**Supplied data**
↓

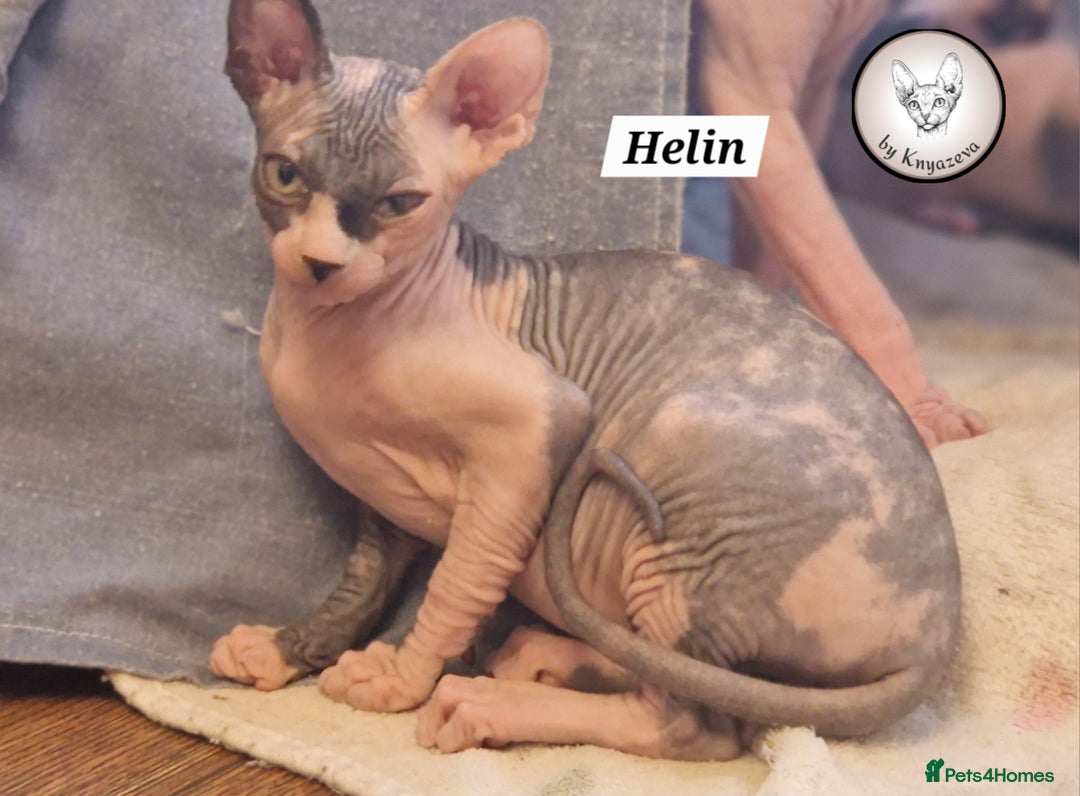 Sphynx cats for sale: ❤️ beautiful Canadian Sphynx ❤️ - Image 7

↑
↓

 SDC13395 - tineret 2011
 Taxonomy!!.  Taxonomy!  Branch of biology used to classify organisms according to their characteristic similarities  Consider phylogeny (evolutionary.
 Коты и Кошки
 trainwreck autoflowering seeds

↑
↓

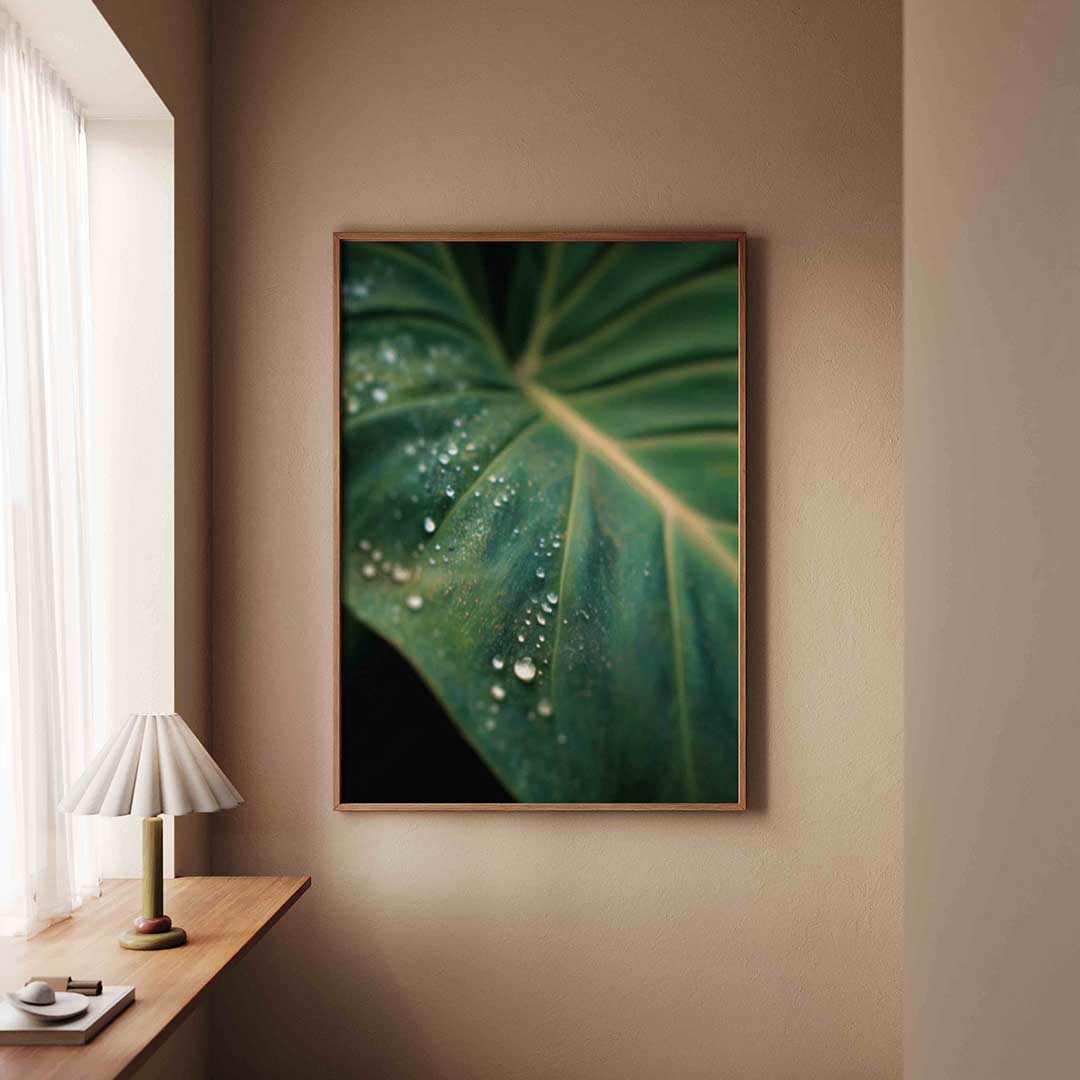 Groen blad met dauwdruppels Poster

↑

**What to produce**
Will you return exactly the lines above from the one with "Consider phylogeny (evolutionary." down to the one with "trainwreck autoflowering seeds", counting both as part of the range?

**Task result**
 Taxonomy!!.  Taxonomy!  Branch of biology used to classify organisms according to their characteristic similarities  Consider phylogeny (evolutionary.
 Коты и Кошки
 trainwreck autoflowering seeds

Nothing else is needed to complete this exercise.